There are numerous potential scenarios for mental health training in our area. For example, a faith community might attend a workshop, contract with an organization or professional to present a workshop or a series of Zoom conversations with interested members and staff, or host conversations based on a book. This year's pandemic, economic and societal concerns have heightened the need for mental health resources in congregations. In light of that, applications can also be made to have a pastoral care or counseling professional work directly with a congregation, tailoring the learning to the specific congregation related to trauma, grief, etc.

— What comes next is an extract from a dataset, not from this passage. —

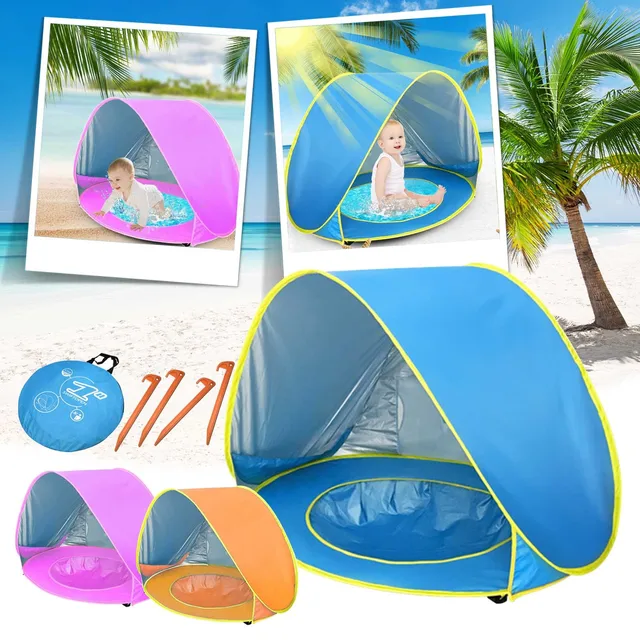 Baby Beach Tent Children Waterproof Pop-up Sun Awning Tent Uv-protecting Sunshelter With Pool Kid Outdoor Camping Sunshade Beach 5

As you begin to plan your grant project, you may wish to consider these potential resources:
How to Apply:
Applications for grant funds must be submitted under the name of a rostered minister on the synod's active roster. A successful application for grant funds will include:
- name and contact information for the primary contact (rostered minister)
- amount requested (up to $500)
- a description of the proposed content
- the cost of the training/workshop
- any costs associated with sharing the learning with the congregation
- comments on how you plan to achieve each of the learning goals listed above
Note: Grant plans may be subject to further conversation with synod staff.
SUBMIT APPLICATIONS TO:
Michael Gold in the synod office: firstname.lastname@example.org
Questions? Call 651-224-4313
A Final Note:
As we deepen our commitment to being a synod that learns together, these mini-grants will help raise awareness and reduce stigma, which also leads to more connectedness, less isolation and shame, and, ultimately, healthier congregations. There is so much that a grant like this cannot address, but it is a start. It can help bring the gifts of openness, connectedness and hope to communities.
As the ELCA's social statement, The Body of Christ and Mental Illness (2011) puts it: “Individually and collectively, ELCA members have the power to proclaim God’s love, fight for justice, give care, and change the way people with mental illness are treated.” We are on the way together.